> [What needs to be done]:
When a line of the listing below has the string "Little" in it, copy that line.

****************

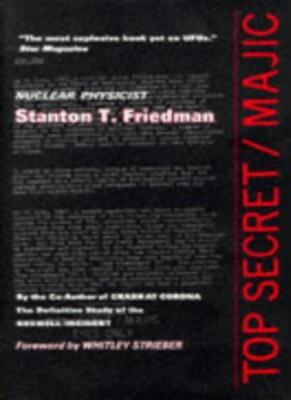 Top Secret/Majic,Stanton T. Friedman, Whitley Streiber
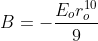 B=-\frac{E_{o}r_{o}^{10}}{9}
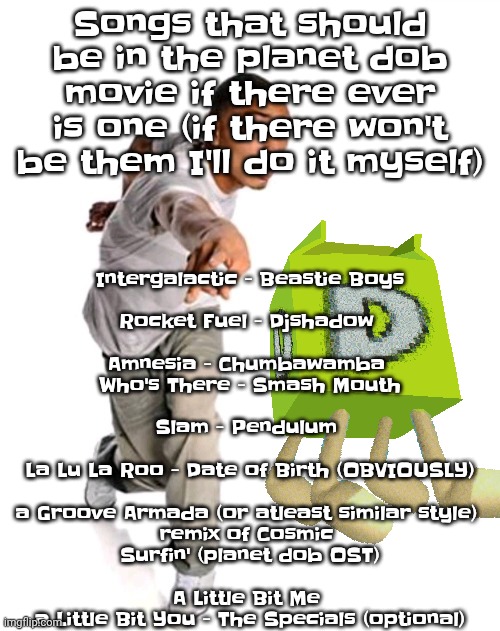 Think fast | Intergalactic - Beastie Boys
‍
Rocket Fuel - Djshadow 
‍‍
Amnesia - Chumbawamba 

Who's There - Smash Mouth
‍
Slam - Pendulum 
‍
La Lu La Roo - Date of Birth (OBVIOUSLY)
‍
a Groove Armada (or atleast similar style) 
remix of Cosmic 
Surfin' (planet dob OST)
‍
A Little Bit Me 
a Little Bit You - The Specials (optional); Songs that should be in the planet dob movie if there ever is one (if there won't be them I'll do it myself) | image tagged in think fast | made w/ Imgflip meme maker
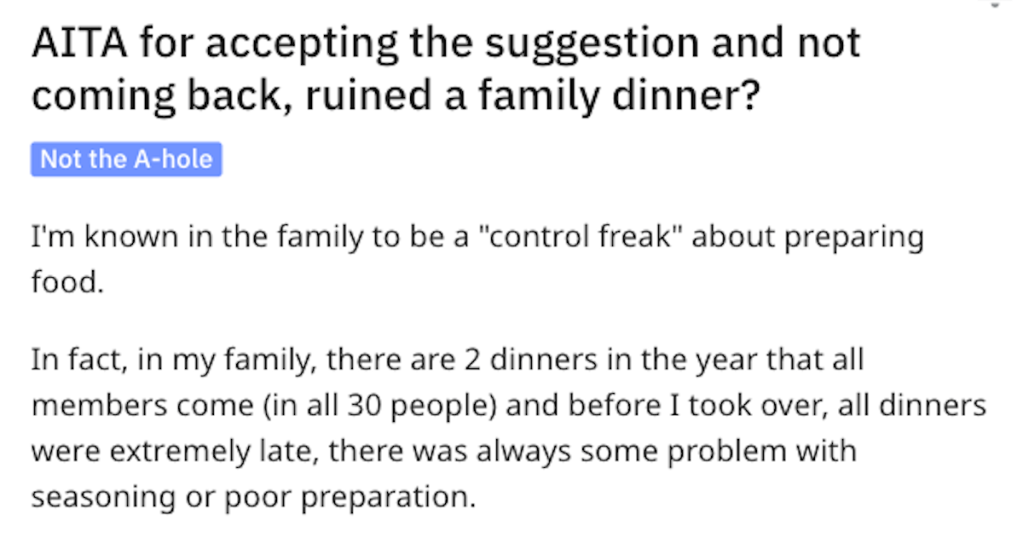 'I'm known in the family to be a "control freak." They Are Accused of Ruining a Family Dinner. Did They Act Like a Jerk?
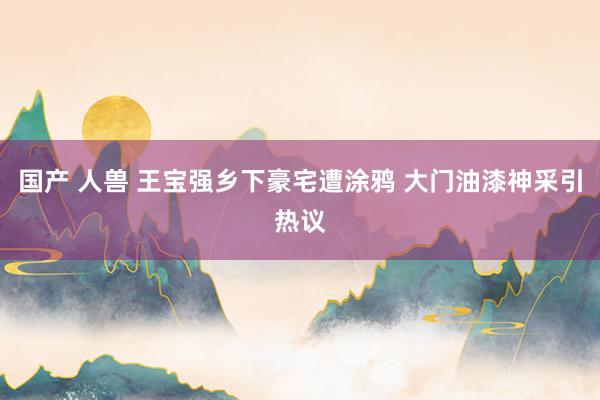 国产 人兽 王宝强乡下豪宅遭涂鸦 大门油漆神采引热议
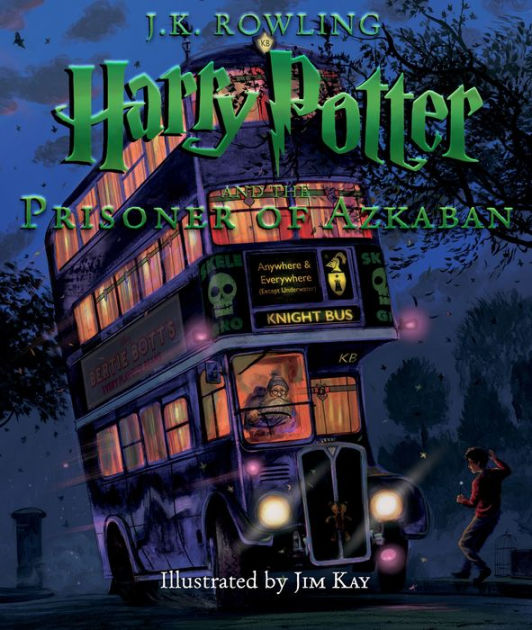 Harry Potter and the Prisoner of Azkaban: The Illustrated Edition (Harry  Potter Series #3) by Jim Kay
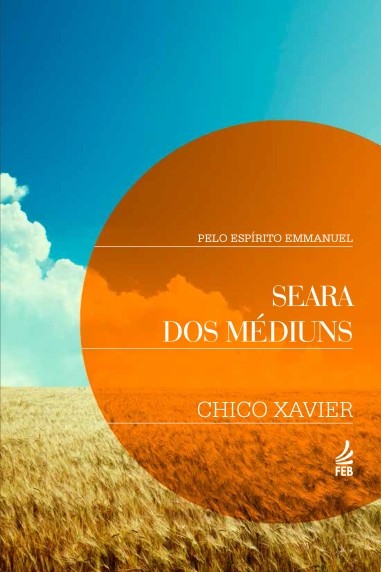 Seara dos médiuns EDITORA FEB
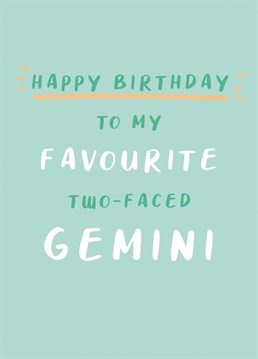 Send your favourite two faced Gemini friend this tongue in cheek Birthday card, and hopefully at least one of their faces can take a joke!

****************

> [Answer section]:
A Little Bit Me 
a Little Bit You - The Specials (optional); Songs that should be in the planet dob movie if there ever is one (if there won't be them I'll do it myself) | image tagged in think fast | made w/ Imgflip meme maker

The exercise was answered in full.